= Beginning of Section =
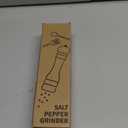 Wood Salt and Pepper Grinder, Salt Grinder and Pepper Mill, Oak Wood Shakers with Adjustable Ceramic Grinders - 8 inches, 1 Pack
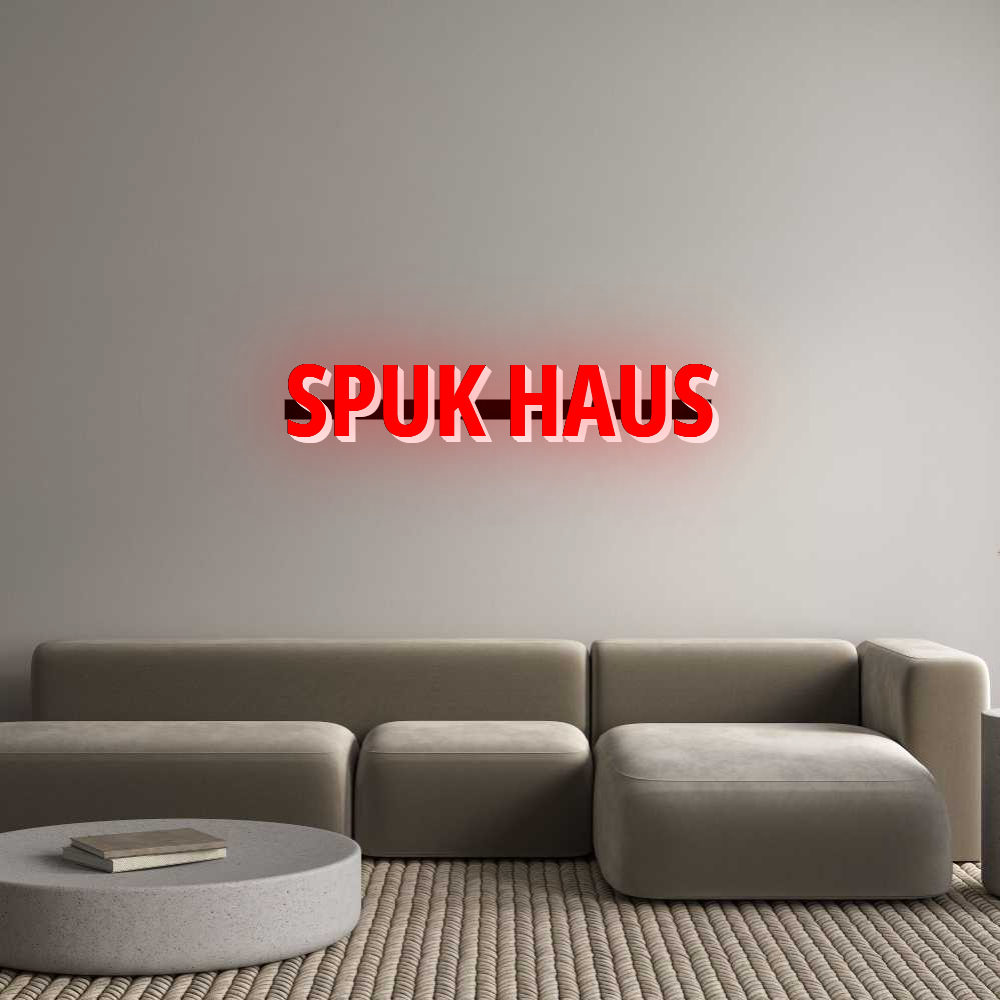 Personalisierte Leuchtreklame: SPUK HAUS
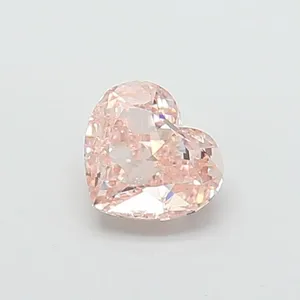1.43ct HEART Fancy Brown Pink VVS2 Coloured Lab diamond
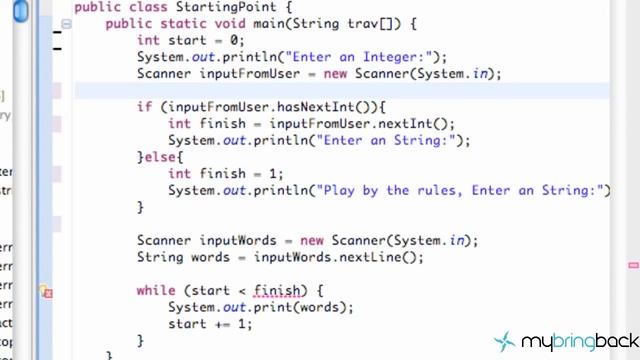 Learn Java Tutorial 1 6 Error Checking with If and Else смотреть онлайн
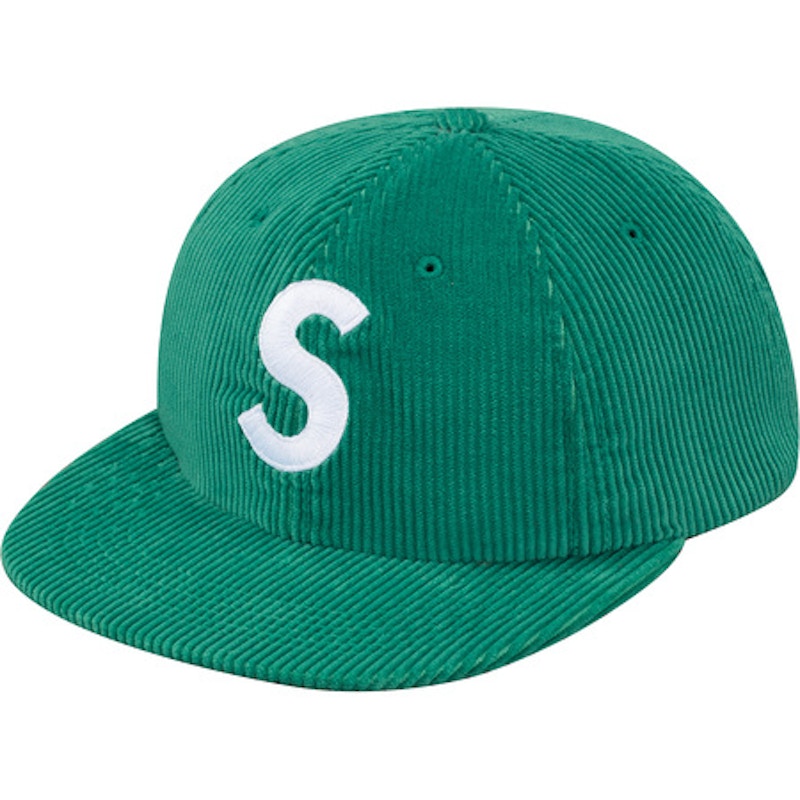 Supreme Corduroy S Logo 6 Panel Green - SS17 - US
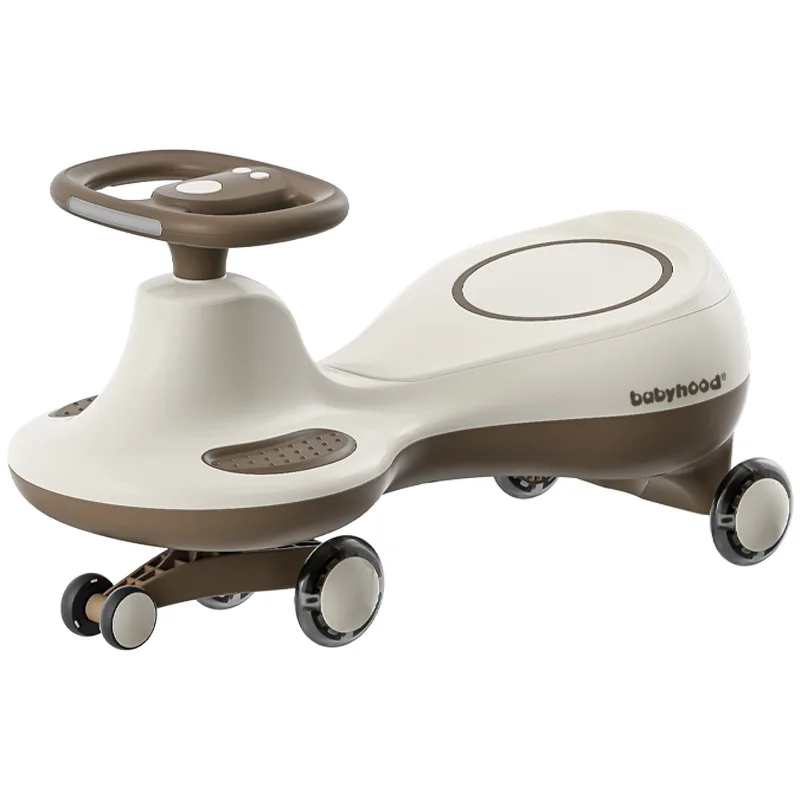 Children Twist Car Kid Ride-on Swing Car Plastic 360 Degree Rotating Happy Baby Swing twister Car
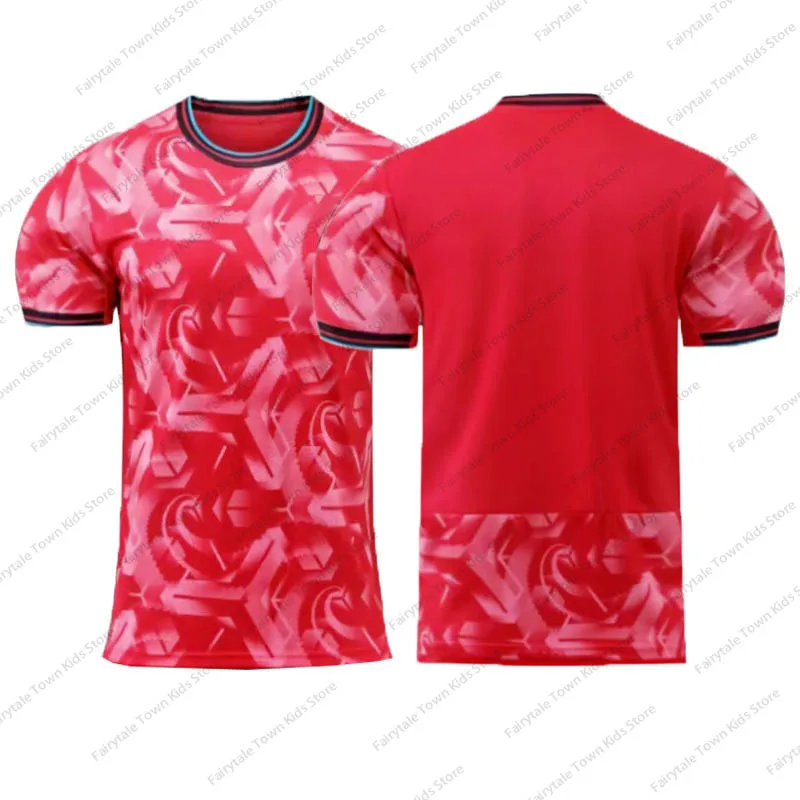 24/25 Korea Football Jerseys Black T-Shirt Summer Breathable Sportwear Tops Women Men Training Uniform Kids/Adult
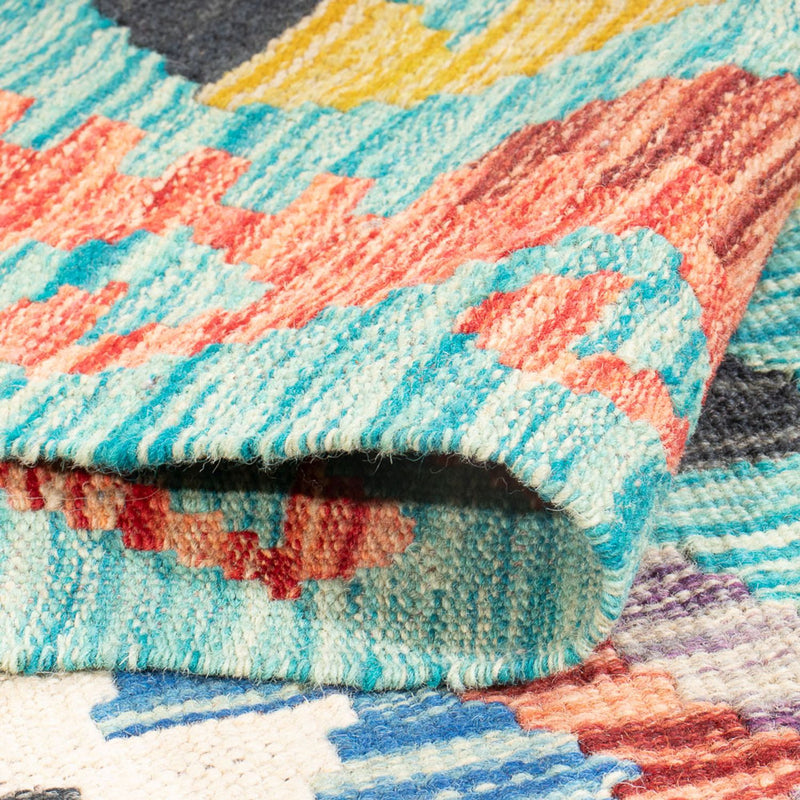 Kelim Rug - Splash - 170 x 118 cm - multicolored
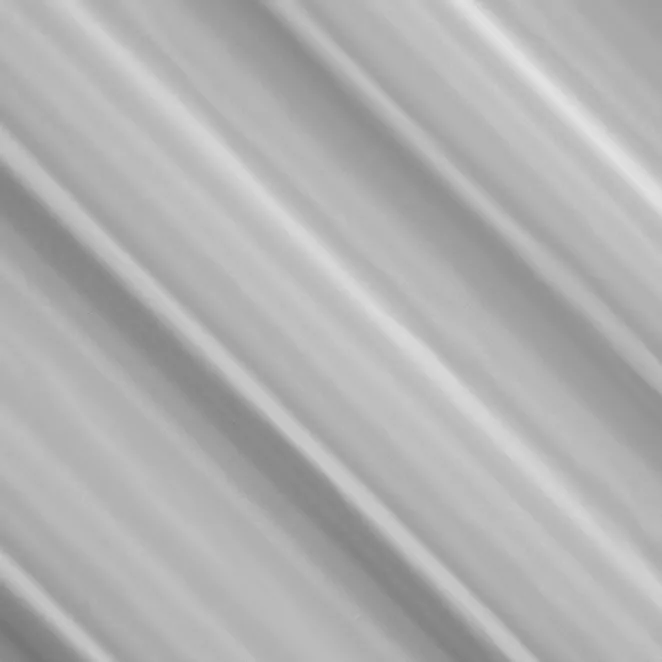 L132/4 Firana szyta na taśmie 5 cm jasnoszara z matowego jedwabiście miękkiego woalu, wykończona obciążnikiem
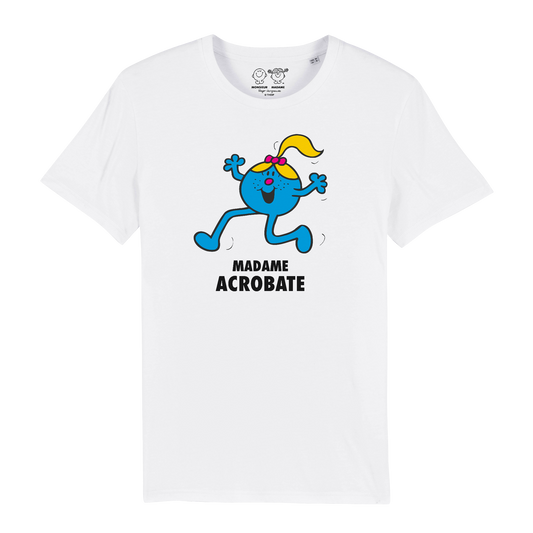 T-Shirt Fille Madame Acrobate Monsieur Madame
= End of Section =
**Problem statement:**
Images are to be left out; everything else in the material must be written out exactly.

**Task response:**
 Wood Salt and Pepper Grinder, Salt Grinder and Pepper Mill, Oak Wood Shakers with Adjustable Ceramic Grinders - 8 inches, 1 Pack
 Personalisierte Leuchtreklame: SPUK HAUS
1.43ct HEART Fancy Brown Pink VVS2 Coloured Lab diamond
 Learn Java Tutorial 1 6 Error Checking with If and Else смотреть онлайн
 Supreme Corduroy S Logo 6 Panel Green - SS17 - US
 Children Twist Car Kid Ride-on Swing Car Plastic 360 Degree Rotating Happy Baby Swing twister Car
 24/25 Korea Football Jerseys Black T-Shirt Summer Breathable Sportwear Tops Women Men Training Uniform Kids/Adult
 Kelim Rug - Splash - 170 x 118 cm - multicolored
 L132/4 Firana szyta na taśmie 5 cm jasnoszara z matowego jedwabiście miękkiego woalu, wykończona obciążnikiem
 T-Shirt Fille Madame Acrobate Monsieur Madame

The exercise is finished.